He was right.  I couldn’t believe it, but in fifteen minutes I could no longer smell paint, only the fresh tang of the lemons. And so the lemon grove, that cheerful sign of the transition into winter, has come inside together with my neighbour’s kindness, and I have found relief.

Saturday, May 14, 2011

Leaves a-turning

Even evergreen native trees change colour and shed some leaves. Karaka leaves were falling on the paths when I was last at the bach. With them I made this circle, a wheel for the turning season as it moves into the dark segment of the year.

Sunday, May 8, 2011

Of purple & pohutukawas

The swamp turns purple on the threshold of winter. In autumn it flushes russet, but as winter approaches the colours change. If I remember rightly, Van Gogh saw shadows as purple. We are now entering that time of year when the shadows lengthen, sculpting the landscape and highlighting every bush and tree.
I saw purple shadows and purple light on my walk yesterday.
Between the bach and the beach, young pohutukawas are everywhere making their presence felt, raising their bushy heads. They are growing because of the vision of one man, who raised hundreds of seedlings many years ago, and organised his students to help plant them, In another ten years they will provide welcome shade along the track to the beach.
For now, their rounded forms in the purple haze, seem mysterious: part of the magic that happens when the light changes and familiar things take on new significance.

Thursday, May 5, 2011

The two-sided tree

The flame tree, that I watch through the seasons, has become two trees. On the east, its leaves are slowly turning yellow and becoming more sparse. I photograph this side of the tree in the morning, when the sun catches its leaves.
But on the other side, which stretches out towards the west, more and more red flowers are blooming. I photograph this side in the evening, when the setting sun bathes the leaves and flowers with golden light.
On the west, the tree has begun its winter flaming.
On the east, the tree is still in autumn leaf-fall.
Two seasons in one.
I feel I am witnessing transition, right before my eyes.
I feel comforted.
When nature is showing so much of its jolting, harsh, abrupt side, gentle transitions that include some of the old and some of the new, give me time to adjust and accept the inevitability of change.

Sunday, May 1, 2011

Kiwi Halloween on Ponsonby Rd




On Saturday night, April 30, my helpers and I held a vigil on Ponsonby Road. We swept the pavement and set up an area with mats, ready to receive the candles and pumpkin lanterns that people brought. They wrote names on pieces of card, of those whom they wished to remember, and then lingered as others came by and the number of lanterns grew.

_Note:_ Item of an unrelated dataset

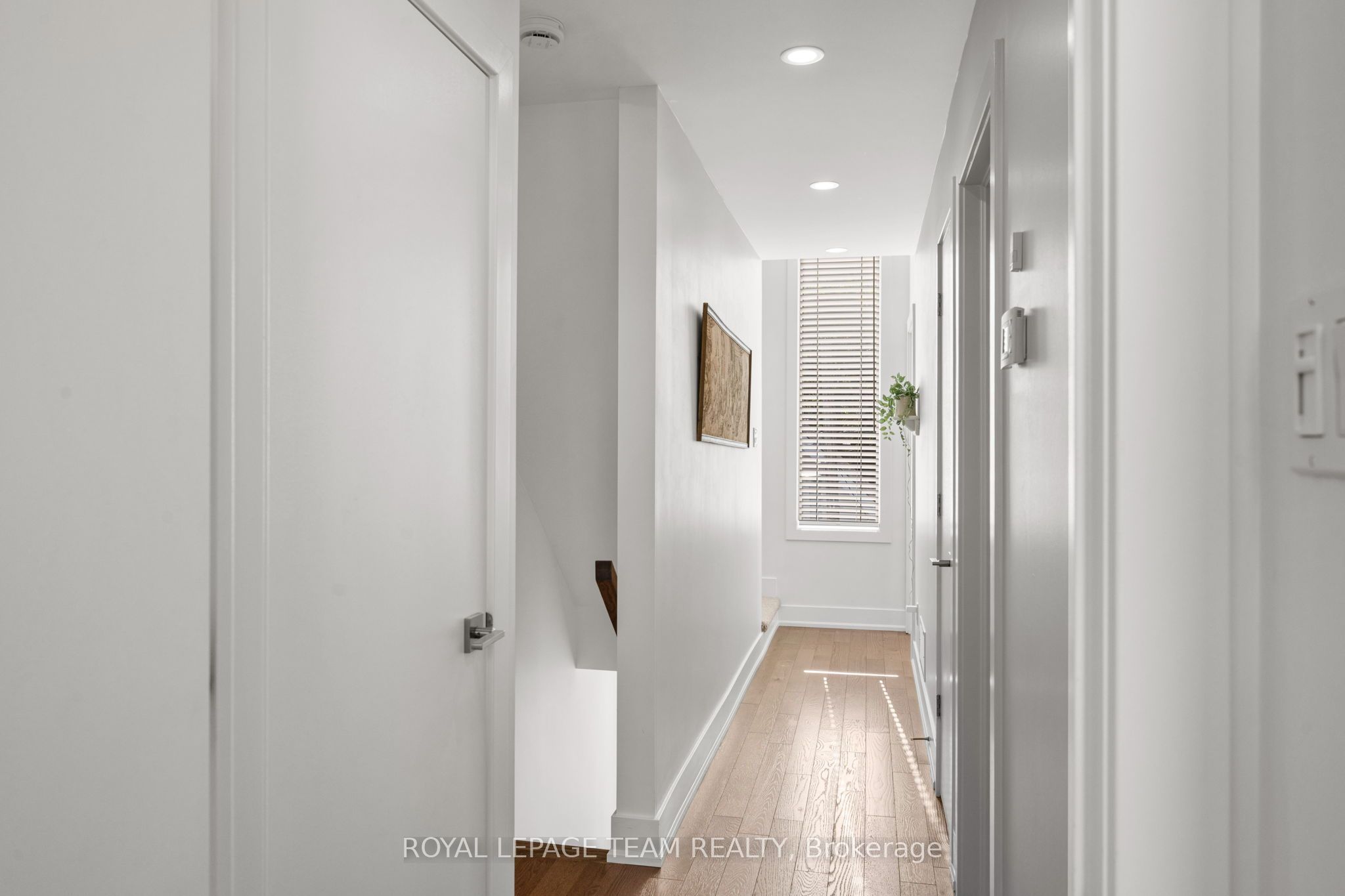 53 Merton Street Property Photo 16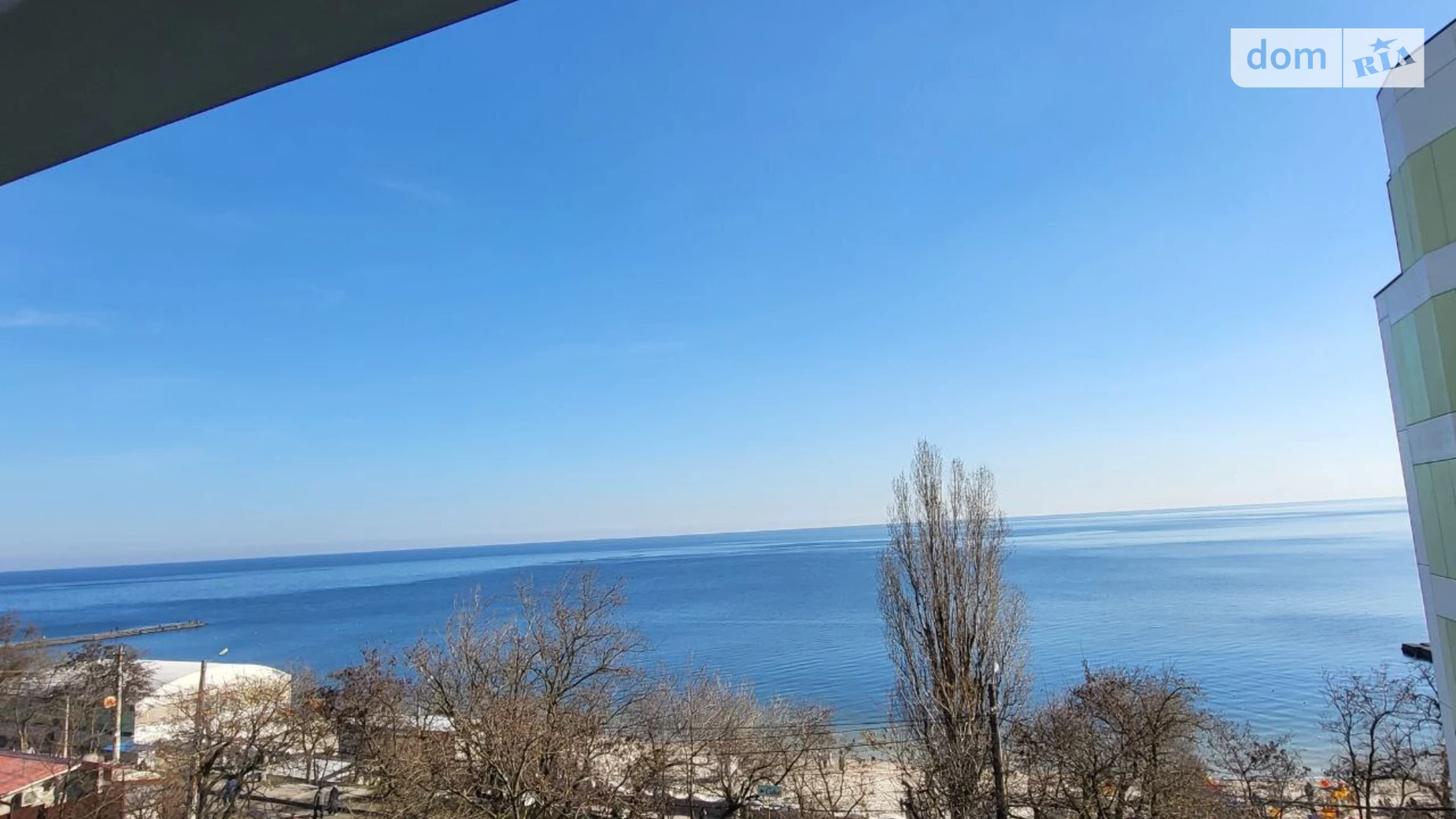 Продается 2-комнатная квартира 80 кв. м в Одессе, Фонтанская дор., 77В - фото 5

It felt special, to be holding faith with this significant moment on the threshold of winter, and the ancient festival of Samhain, day of the dead. This was an oppportunity to pay tribute to those who have passed over. This day of seasonal change felt very aligned to the cycles of birth, growth and dying, and the perfect time for commemoration.

For New Zealand Aotearoa this is still a new practice; but it feels important to offer an alternative to the commercial Halloween which has been thoughtlessly imported in spring time, when it makes very little sense.
Restoring meaning to our rituals; that's what the people on Ponsonby Rd and all over the country did tonight when they lit their candles. Thank you to you all for holding faith; it was beautiful, and it will grow.